¡Monstruo de pureza y perfección! Su espantable juventud, esa infancia prodigio, no son un accidente, un momento, un tránsito, en él, sino su misma alma. Ha sido construido para seguir siendo niño a través de la vida; un niño con su corazón intacto y maligno, con su inocencia y su tiranía. 
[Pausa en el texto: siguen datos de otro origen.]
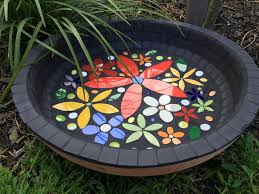 Bird Bath Bowl Only Bird Bath Mosaic Birdbath Garden Mosaic By Rebeccanaylormosaics Best Rated Home Decor Item Available Only On Etsy Mosaic Birdbath Diy Bird Bath Mosaic Birds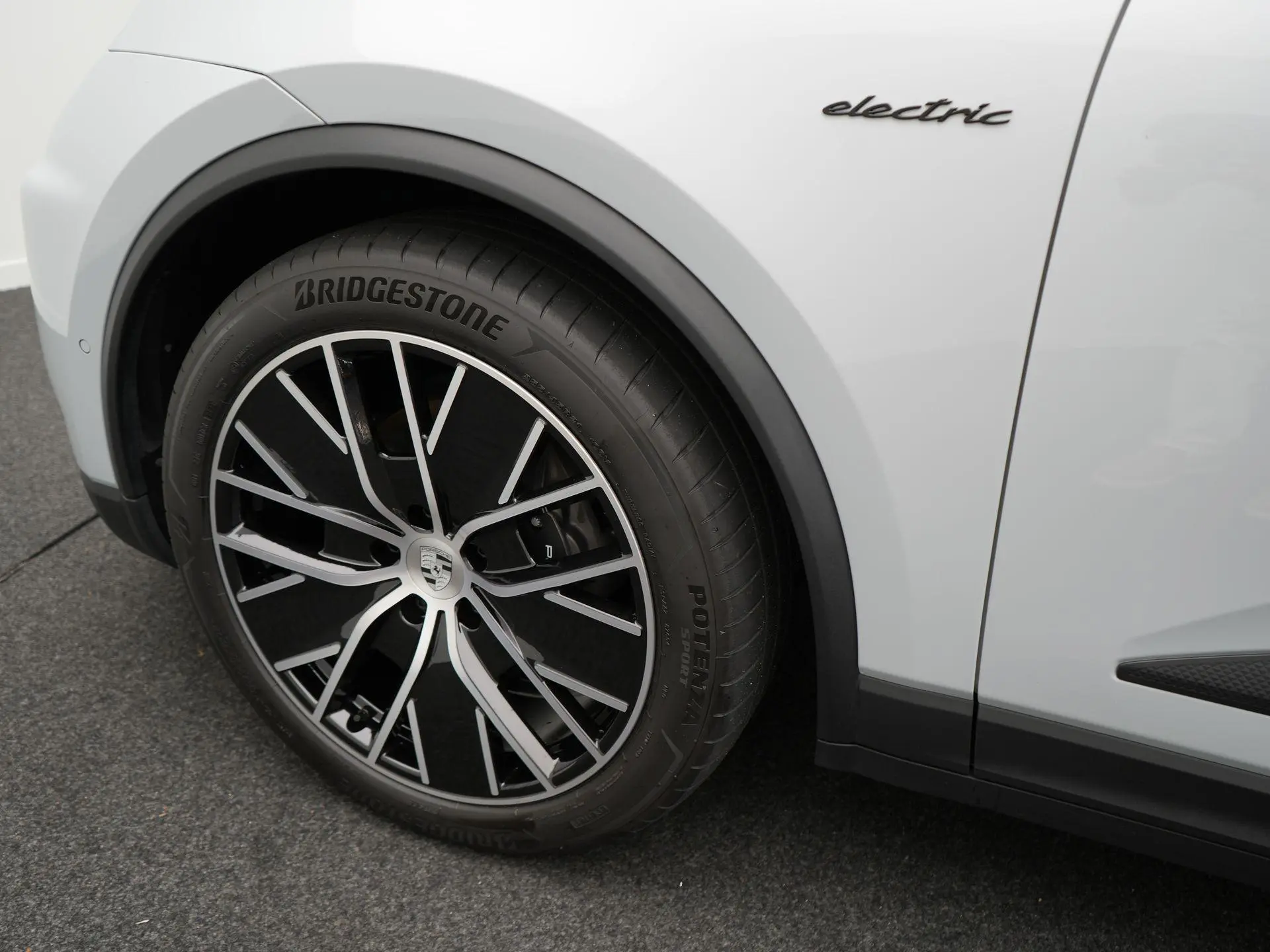 Macan Macan 4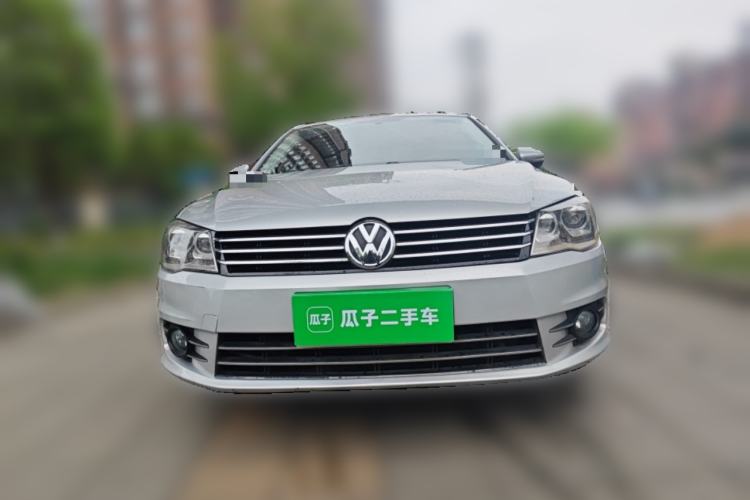 Used Volkswagen Bora 2015 Value Edition 1.6L Manual Fashionable Style
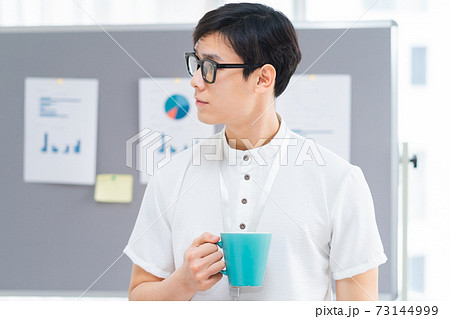 Businessman portrait 73144999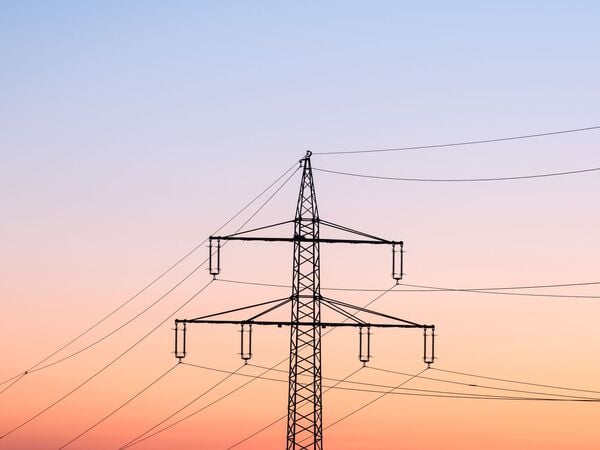 ARCHIV - 06.09.2023, Baden-Württemberg, Rottweil: Ein Strommast ist bei Sonnenaufgang als Silhouette zu sehen. (zu dpa: «Wie sicher sind die Stromnetze im Nordwesten?») Foto: Silas Stein/dpa +++ dpa-Bildfunk +++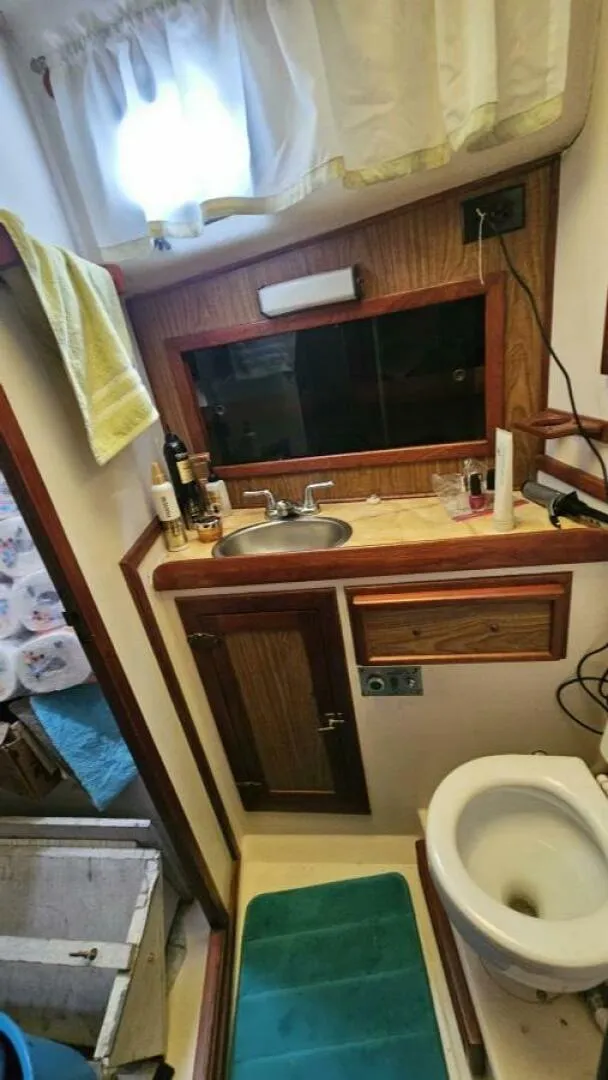 Slide: The Image of CSY 44 Center Cockpit 1979 - 4939771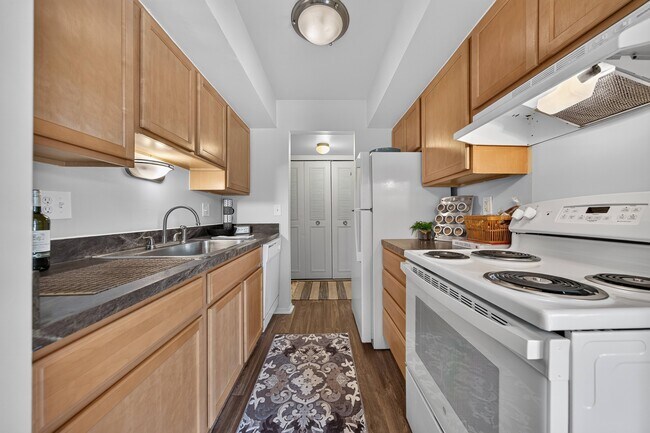 Cocina funcional en los apartamentos Drawbridge en Harrison Township, Michigan. - Drawbridge Apartments East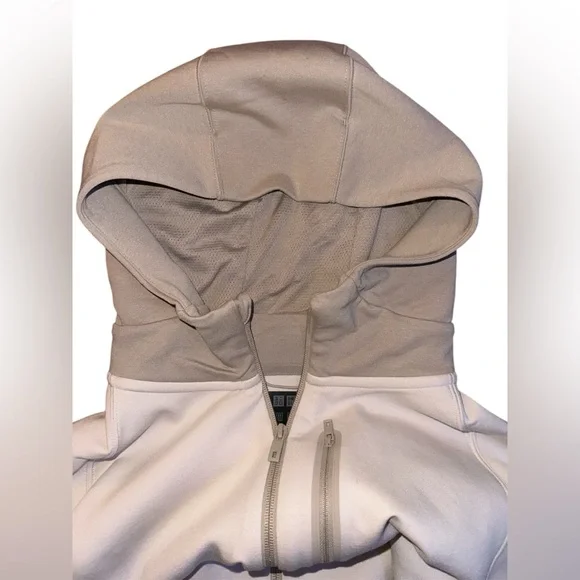 Uniqlo men’s Large sweatshirt, excellent condition. - Picture 5 of 6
   Rimbaud vino entero, perfecto, es decir, hecho completamente, de todos los lados, de todas las fases; perfecto, no en el orden del bien, sino en el del ser. El ángel prevalece sobre el hombre por otra cosa que la pureza y la sabiduría: contiene una dosis más fuerte de realidad, una cantidad mayor de existencia. A este respecto, Rimbaud es un ángel. Un ángel furioso. No ha sido tocado, conserva intacta la semejanza de Dios, retiene todo el esfuerzo que Dios ha puesto en él. Algo de desbordante, más que de invisible, emana de todo su ser. Hay en su aparición ese no sé qué llameante y saturado, que descubre a las personas sobrenaturales. Es el mensajero terrible que desciende en el relámpago, de pie el ejecutor de una palabra terrible, el portoespada. 
   Si se consiente en reconocer bajo esos rasgos la imagen verdadera de Rimbaud, todo se torna claro en su actitud. Y en primer lugar su intolerancia, la imposibilidad de "estar en el mundo", de que sufre. Pues no está hecho para permanecer acá abajo; no está al nivel de nuestra vida; no está dispuesto para sus preguntas, no las comprende, y las que él formula no hallan respuesta en esta vida. No vayamos a representárnoslo como un incomprendido, a quien lastima la grosería del mundo y sueña con un paraíso donde sea respetada su delicadeza; por el contrario, Rimbaud no puede acostumbrarse a la genignidad de nuestras costumbres terrestres. No se empequeñece; no está por debajo de la vida; por el contrario, la desborda, no puede reducirse a sus límites, permanecer y acomodarse en ellos.